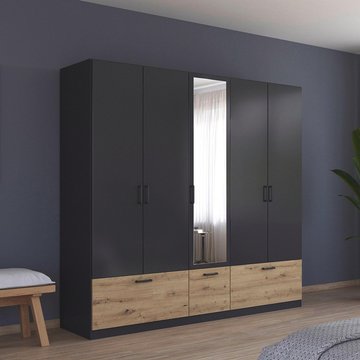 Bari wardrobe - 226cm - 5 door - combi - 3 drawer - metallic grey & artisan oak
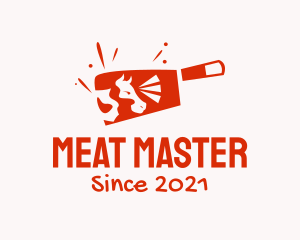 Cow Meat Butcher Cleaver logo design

...

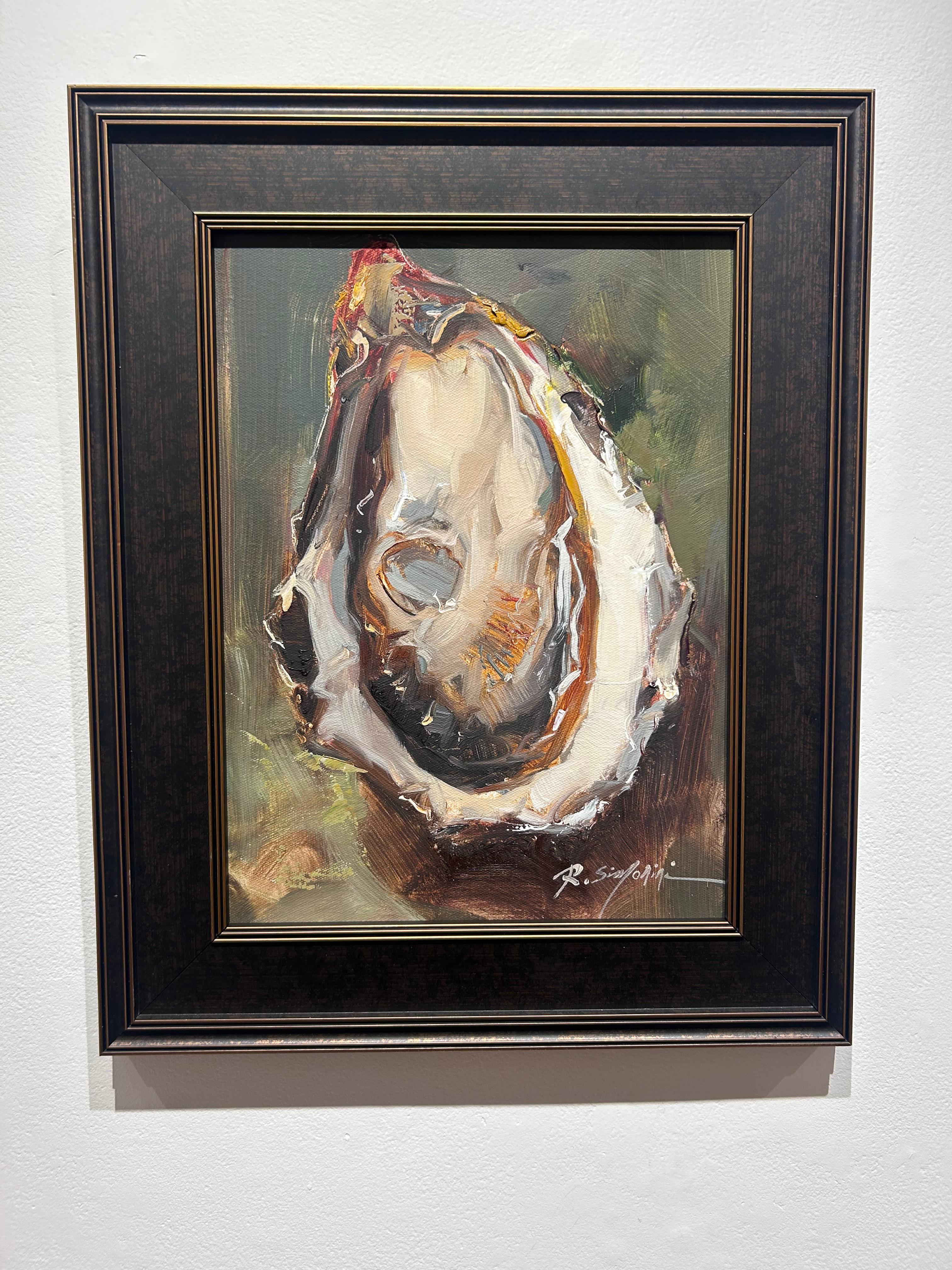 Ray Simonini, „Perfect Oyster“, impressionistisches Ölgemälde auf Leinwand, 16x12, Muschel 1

...

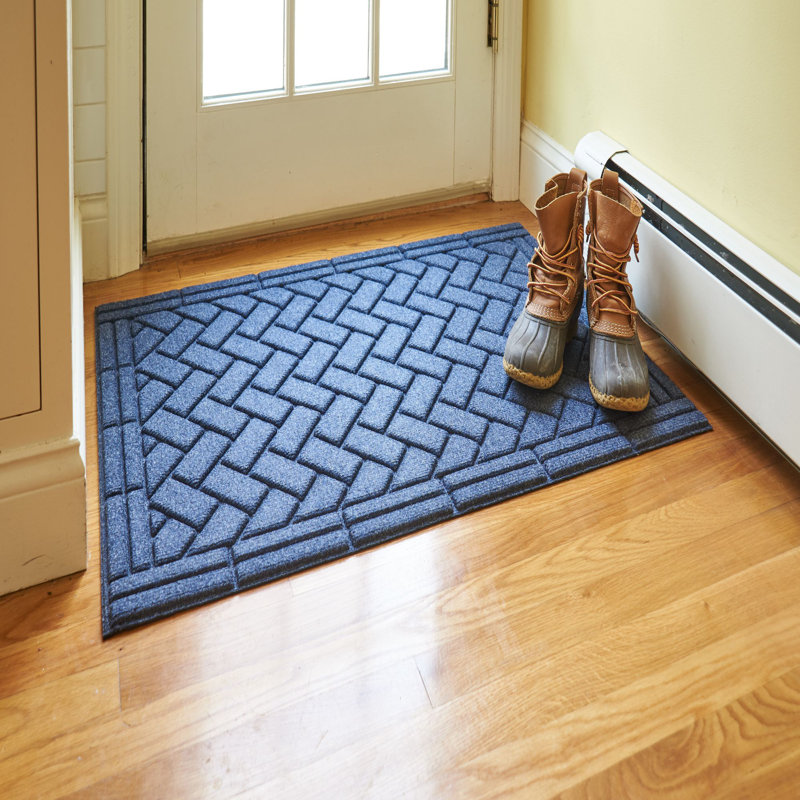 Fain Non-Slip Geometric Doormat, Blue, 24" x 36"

- [EXERCISE GOAL]
Given the records above, return the lines starting at the one that holds "Bari wardrobe - 226cm" and ending at the one that holds "Cow Meat Butcher Cleaver logo design", exactly, and nothing besides; leave every picture out.

- [PROBLEM SOLUTION]
 Bari wardrobe - 226cm - 5 door - combi - 3 drawer - metallic grey & artisan oak
 Cow Meat Butcher Cleaver logo design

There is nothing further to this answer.